■ Goal of the exercise ■
In the listing, locate the line containing "Acrylic Paint Pens on Barbie ASMR Story", then quote it and all following lines exactly. Omit pictures.

■ Dataset excerpt ■
————————
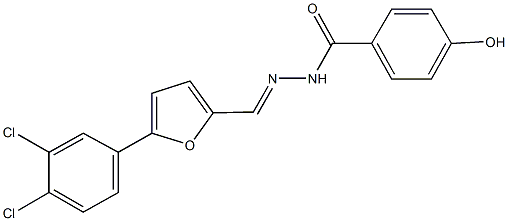 N'-{[5-(3,4-dichlorophenyl)-2-furyl]methylene}-4-hydroxybenzohydrazide 구조식 이미지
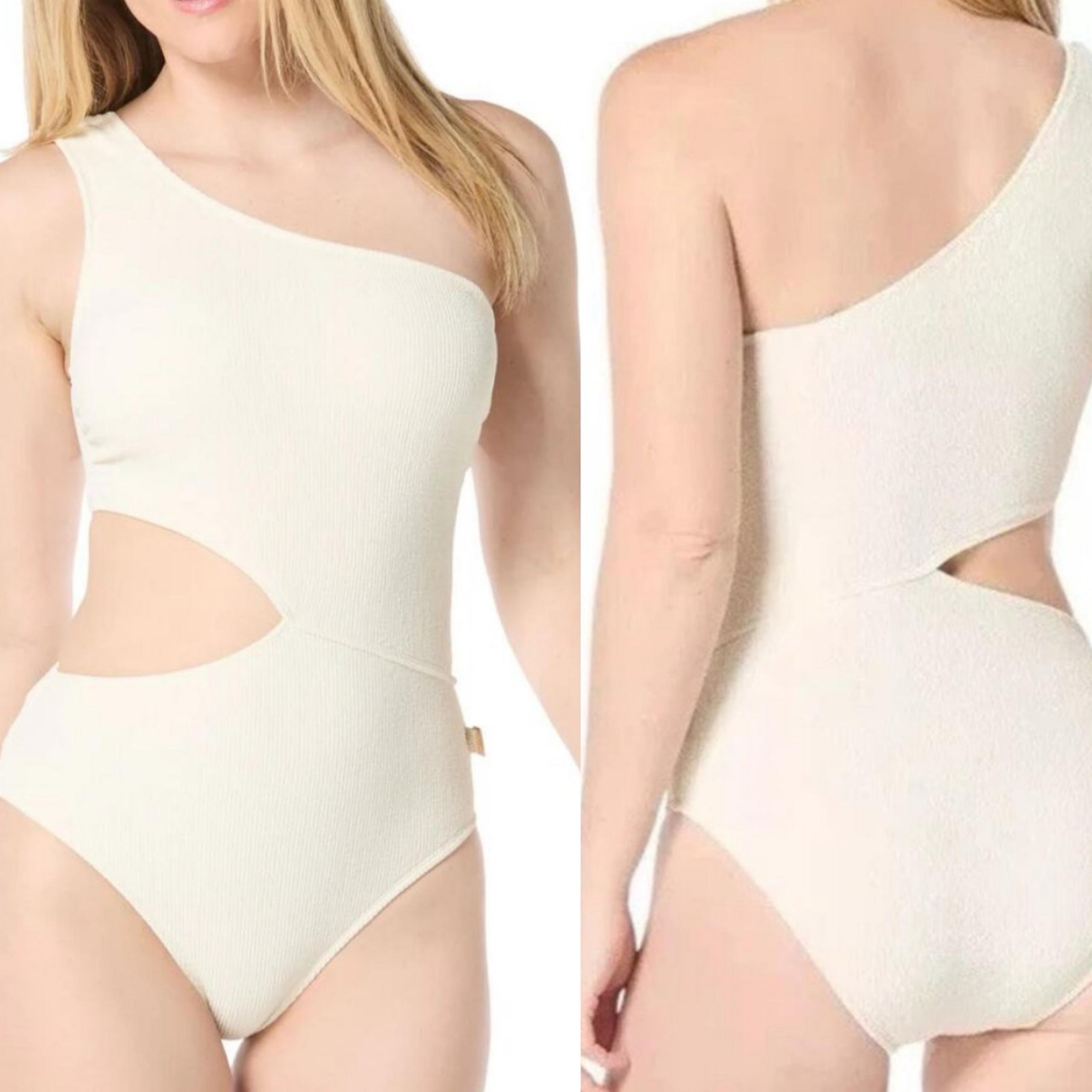 Michael MK Textured One Shoulder Cutout One Piece Swimsuit Cream Women 6 NWT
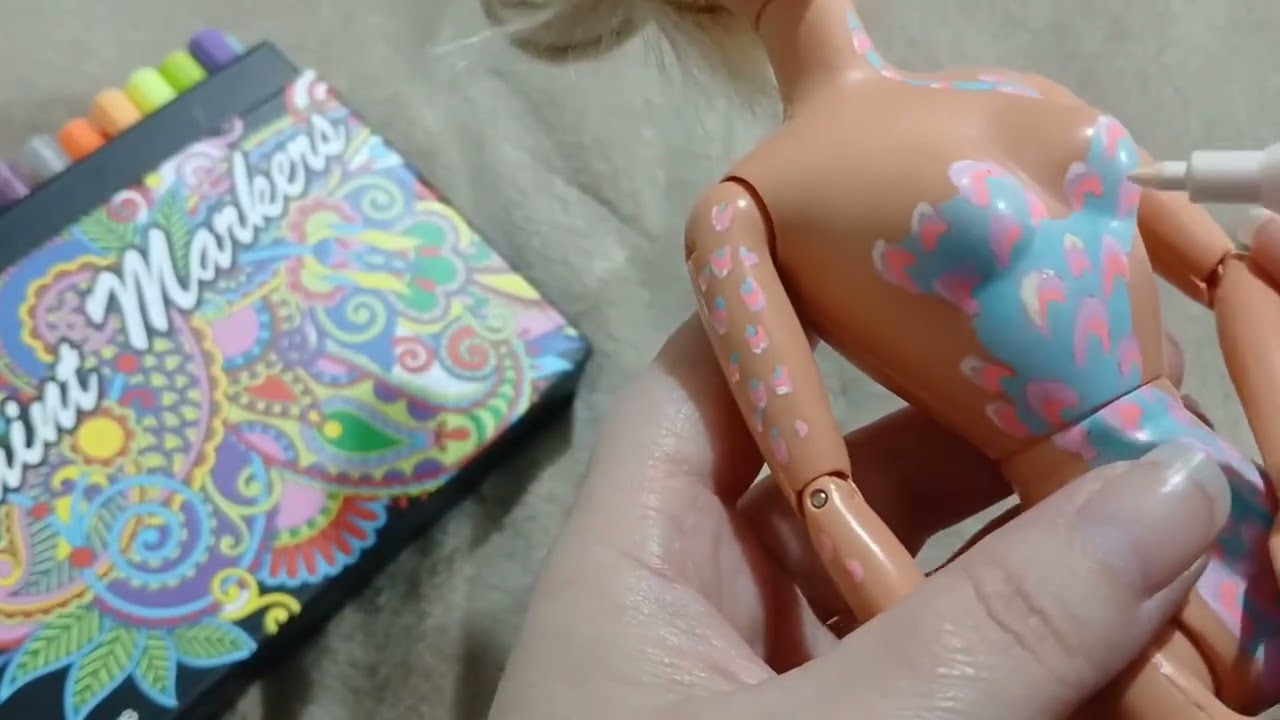 Acrylic Paint Pens on Barbie ASMR Story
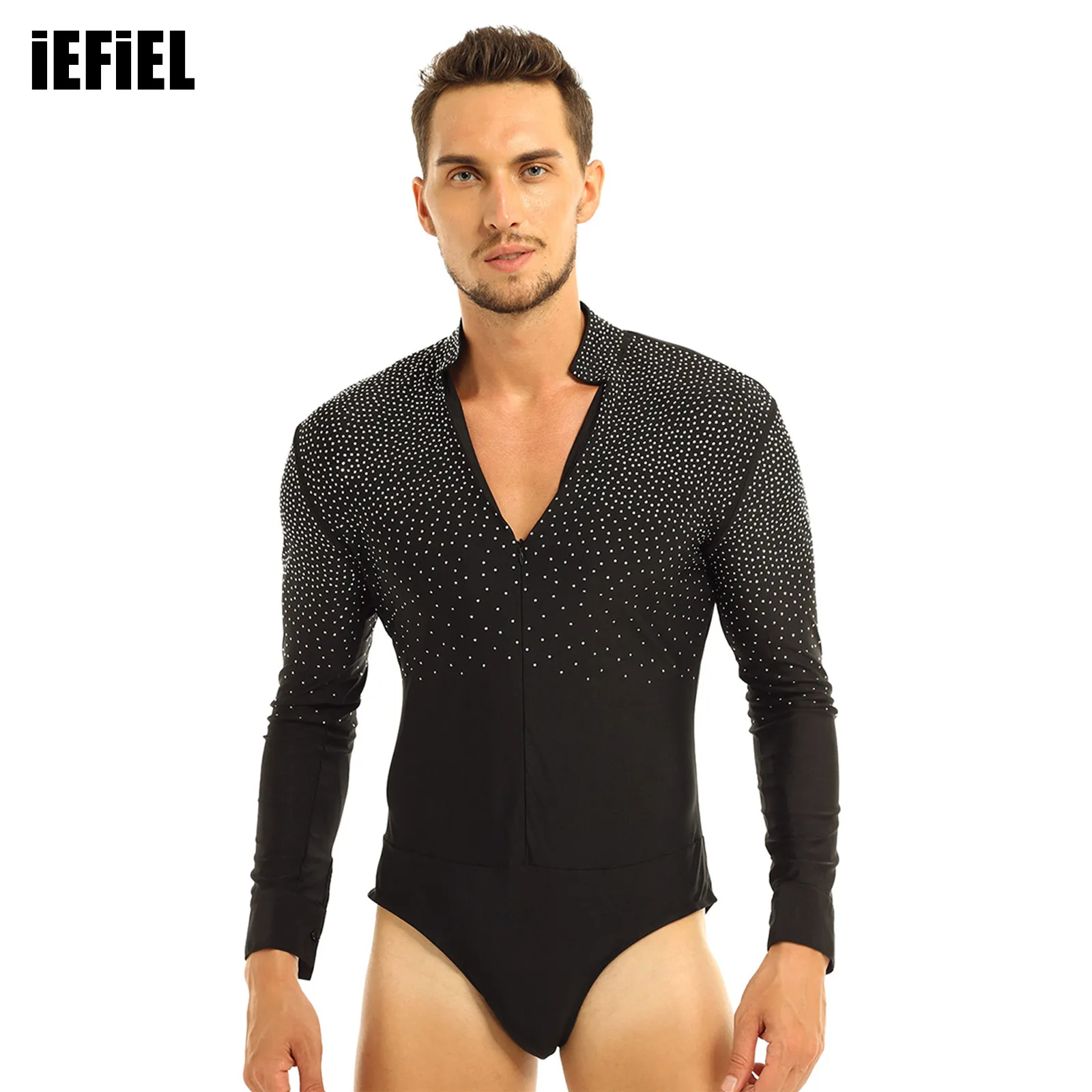 Men Shiny Rhinestones V-neck Dance Shirt Leotard Stand Collar Long Sleeve Ballroom Latin Tango Rumba Bodysuit Shirt Tops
————————
■ Written solution ■
 Acrylic Paint Pens on Barbie ASMR Story
 Men Shiny Rhinestones V-neck Dance Shirt Leotard Stand Collar Long Sleeve Ballroom Latin Tango Rumba Bodysuit Shirt Tops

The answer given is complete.